(Dataset records)

==========

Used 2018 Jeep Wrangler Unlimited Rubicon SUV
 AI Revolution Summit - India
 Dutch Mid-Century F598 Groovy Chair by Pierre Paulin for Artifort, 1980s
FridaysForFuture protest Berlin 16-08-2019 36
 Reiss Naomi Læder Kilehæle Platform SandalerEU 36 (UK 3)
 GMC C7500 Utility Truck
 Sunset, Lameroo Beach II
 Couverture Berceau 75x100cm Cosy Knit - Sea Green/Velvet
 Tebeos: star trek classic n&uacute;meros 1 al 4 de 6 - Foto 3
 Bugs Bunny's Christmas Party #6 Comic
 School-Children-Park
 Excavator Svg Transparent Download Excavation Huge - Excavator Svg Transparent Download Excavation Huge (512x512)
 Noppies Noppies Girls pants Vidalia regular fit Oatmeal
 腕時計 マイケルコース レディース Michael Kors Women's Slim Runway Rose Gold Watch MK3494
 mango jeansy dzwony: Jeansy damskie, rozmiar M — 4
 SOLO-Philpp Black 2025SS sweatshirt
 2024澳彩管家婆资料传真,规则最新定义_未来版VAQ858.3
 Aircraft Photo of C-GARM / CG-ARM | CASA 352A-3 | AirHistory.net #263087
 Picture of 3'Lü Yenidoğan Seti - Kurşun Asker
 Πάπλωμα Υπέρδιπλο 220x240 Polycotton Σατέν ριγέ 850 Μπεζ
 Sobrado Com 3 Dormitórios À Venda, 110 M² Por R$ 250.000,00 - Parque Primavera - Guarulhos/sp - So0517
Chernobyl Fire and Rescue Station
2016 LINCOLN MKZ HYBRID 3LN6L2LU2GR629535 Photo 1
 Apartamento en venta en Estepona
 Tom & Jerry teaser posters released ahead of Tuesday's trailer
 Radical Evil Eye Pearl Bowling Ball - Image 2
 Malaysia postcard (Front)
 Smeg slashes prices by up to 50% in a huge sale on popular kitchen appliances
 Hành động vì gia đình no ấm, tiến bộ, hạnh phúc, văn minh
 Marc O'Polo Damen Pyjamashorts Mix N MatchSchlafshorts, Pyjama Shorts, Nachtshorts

==========

## Aim of the task
Which lines in the records above contain the word "Photo"? Return each of them.

## Exercise solution
 Aircraft Photo of C-GARM / CG-ARM | CASA 352A-3 | AirHistory.net #263087
2016 LINCOLN MKZ HYBRID 3LN6L2LU2GR629535 Photo 1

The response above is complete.